» Required action: Every line of the listing below from the one with "Mature Businessman seated" up to and including the one with "126 Condor Pass, Caddo" should be retyped exactly, and nothing else; pictures are not part of the copy.

» Records for this task:
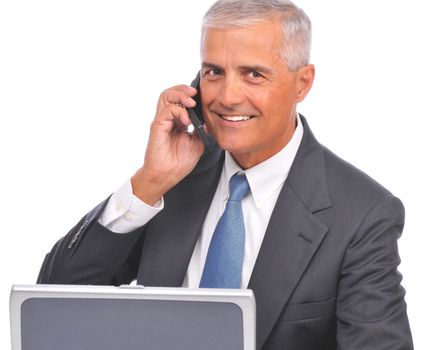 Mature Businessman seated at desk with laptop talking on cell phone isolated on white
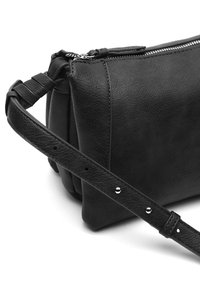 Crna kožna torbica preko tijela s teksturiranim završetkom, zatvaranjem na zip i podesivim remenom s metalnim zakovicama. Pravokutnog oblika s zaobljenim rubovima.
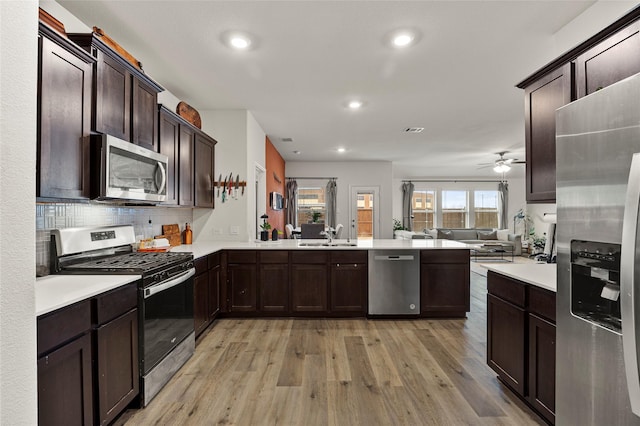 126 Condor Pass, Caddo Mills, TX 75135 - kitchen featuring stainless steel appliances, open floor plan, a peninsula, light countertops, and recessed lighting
* * *
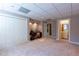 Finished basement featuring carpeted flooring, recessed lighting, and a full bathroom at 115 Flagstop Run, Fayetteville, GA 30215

» Result of this exercise:
 Mature Businessman seated at desk with laptop talking on cell phone isolated on white
 Crna kožna torbica preko tijela s teksturiranim završetkom, zatvaranjem na zip i podesivim remenom s metalnim zakovicama. Pravokutnog oblika s zaobljenim rubovima.
 126 Condor Pass, Caddo Mills, TX 75135 - kitchen featuring stainless steel appliances, open floor plan, a peninsula, light countertops, and recessed lighting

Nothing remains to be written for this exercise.